§ WHAT YOU WILL DO
Print the entries exactly; no image belongs in the copy.

==== EXTRACTED MATERIAL ====

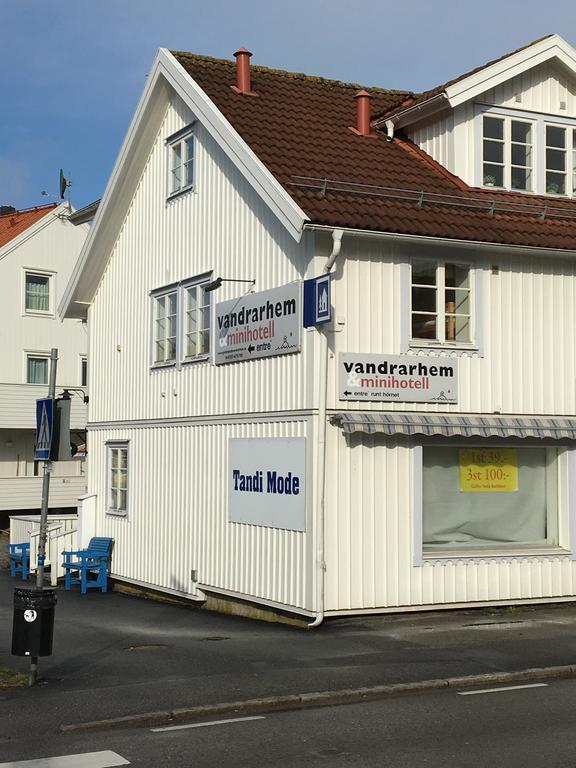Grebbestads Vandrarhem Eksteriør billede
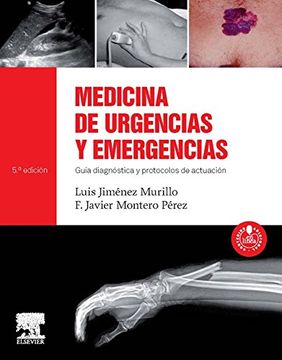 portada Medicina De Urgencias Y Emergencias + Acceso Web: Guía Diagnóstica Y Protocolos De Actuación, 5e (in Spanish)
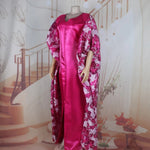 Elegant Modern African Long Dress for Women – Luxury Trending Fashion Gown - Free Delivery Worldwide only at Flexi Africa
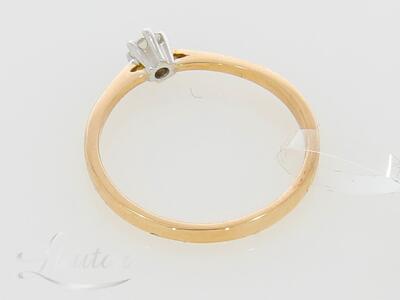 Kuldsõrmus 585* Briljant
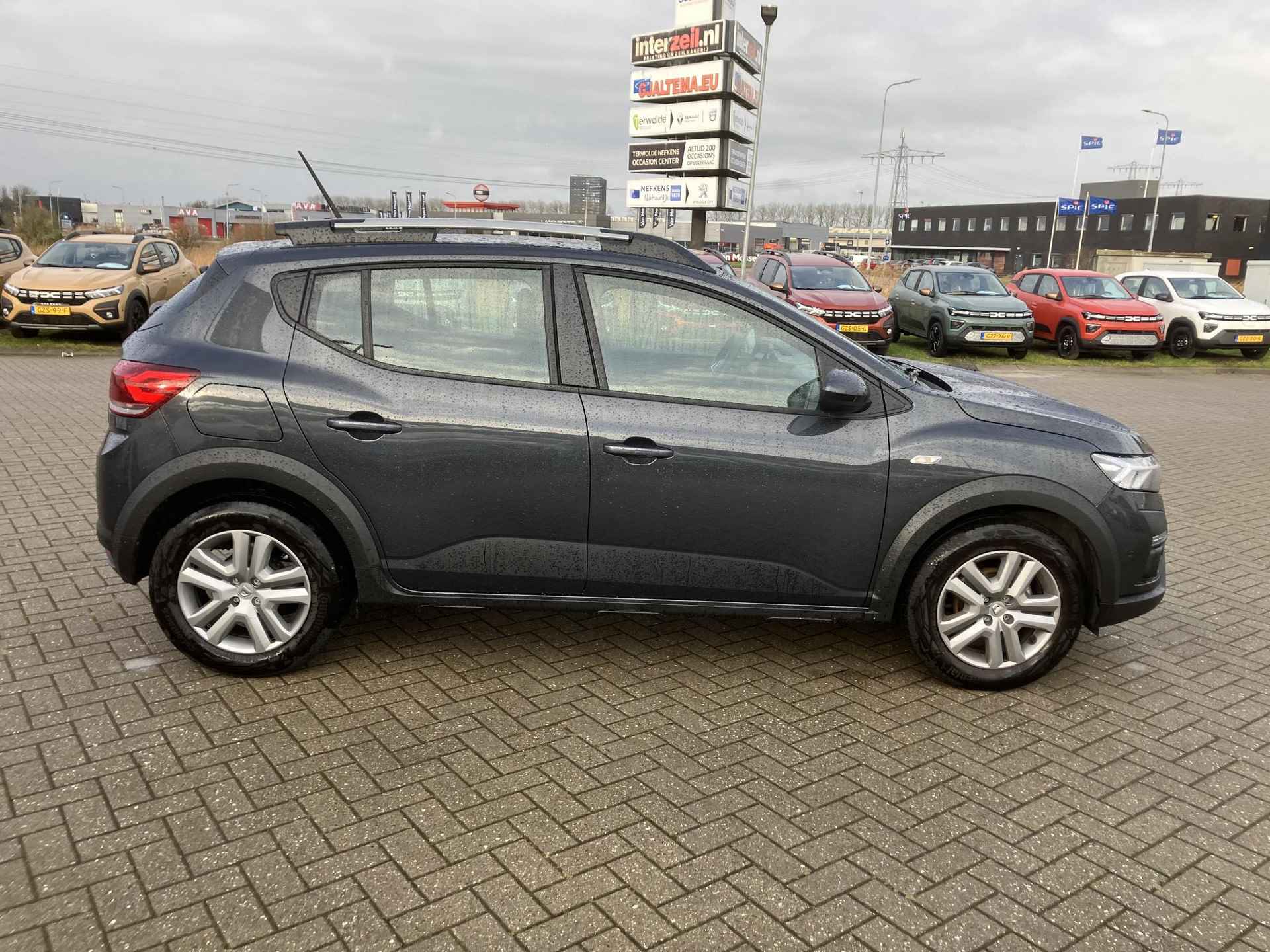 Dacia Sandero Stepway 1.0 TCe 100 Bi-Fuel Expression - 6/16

====

§ TASK RESULT
Grebbestads Vandrarhem Eksteriør billede
 portada Medicina De Urgencias Y Emergencias + Acceso Web: Guía Diagnóstica Y Protocolos De Actuación, 5e (in Spanish)
 Elegant Modern African Long Dress for Women – Luxury Trending Fashion Gown - Free Delivery Worldwide only at Flexi Africa
 Kuldsõrmus 585* Briljant
 Dacia Sandero Stepway 1.0 TCe 100 Bi-Fuel Expression - 6/16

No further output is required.